Mercoledi Musicale

Our traditions of Advent and Christmas music are based so solidly,if not exclusively, on English and Germanic traditions that we often forget there is a wealth of seasonal music out there from other cultures.  I was fortunate in my childhood to be surrounded by a Polish community and later years live in Warsaw where I was introduced to beautiful Polish carols; and our time in Mexico brought the music of the Pastorelas and Posadas into our lives.  And in Canada I had the good luck to have a friend who worked for years at the fabled Sam the Record Man and if Alan said buy this Christmas album you’ll love it…  you bought it and you really did love it.  And then the oft mentioned Bob Kerr on CBC with his eclectic taste for all things musical.  It was a broad musical education that taught me that Christmas music existed beyond watching shepherds and angels being heard on high.

The Theotokos (Mother of God) appears to St.
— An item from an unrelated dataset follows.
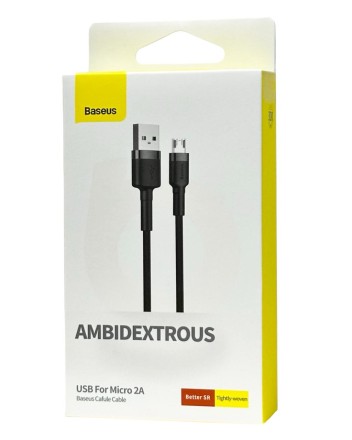 Usb Кабель-зарядка Micro Baseus Cafule 3м (CAMKLF-HG1) серебристо-черный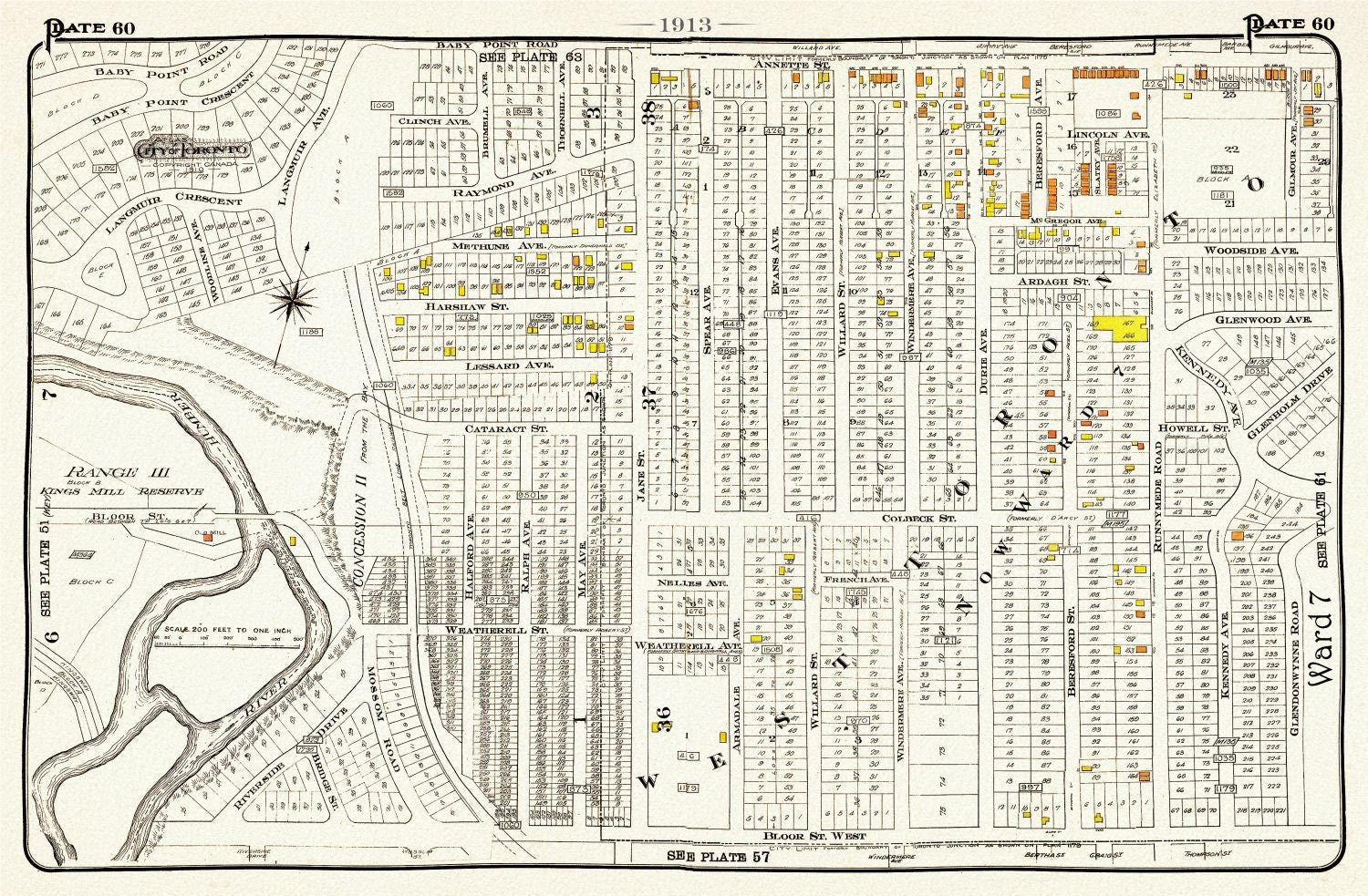Plate 60, Toronto West, High Park, Bloor West Village North, 1913, map on heavy cotton canvas, 20 x 30" or 50 x 75cm. approx. - The Map Chest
Romanos and gives him the gifts of “understanding, composition, and hymnography”.

 If I have not ignored music of the Eastern Church than it has certainly  been less explored than that of other cultures.  There is so much out there to discover:  Russian, Slavonic, Serbian and Greek service music; chants of various orders; and historically the music of the Byzantine church.

This anonymous Russian Orthodox chant for Advent is performed by the St. Petersburg Chamber Choir conducted by Nicolai Korniev.  The text echos the passage in the Gospel of Mathew concerning the Wise and the Foolish virgins.  I wrote about an America part song telling of the parable last year.

Behold, the Bridegroom comes in the middle of the night,
and blessed is the servant He shall find vigilant;
but unworthy is he whom he shall find neglectful.
Beware therefore, O my soul, lest you be weighed down by sleep, lest you be given over to death and be closed out from the kingdom;
but rise up crying out: “Holy! Holy! Holy are You our God;
through the intercessions of the Theotokos, have mercy on us.

As as side note though I knew that the list of Patronal Saints varied from Church to Church I have remained largely ignorant of those outside my own faith.  I find the story of Saint Romanos, the Eastern Orthodox Patron Saint of Music, a touching one – mocked for his lack of talent, through a miracle his gift for melody and music is unlocked and he shares his gift to bring joy into the world.

On this day in 1707: Last recorded eruption of Mount Fuji in Japan.

Author: Willym

A senior with the heart of a young'un

4 thoughts on “Mercoledi Musicale”

  1. We had an inspirational choir master in the church where I was a chorister for so many years – he made amazing arrangements among which the favourites remain an a cappella version of the Czech ‘Pujdem spolu do Betlema’, with its imitation of visitors to the stable playing various instruments, and the Argentinian ‘A la huella, a la huella’ (if I remember the title correctly). Certainly broadened our horizons in addition to the Polish and French carols in Willcocks’s ‘Carols for Choirs’.

    Scandinavian numbers can be beautiful, too. And I can’t believe I’ve lived so long before hearing a Swedish Santa Lucia concert – which I did last week in Orebro. Moving to tears.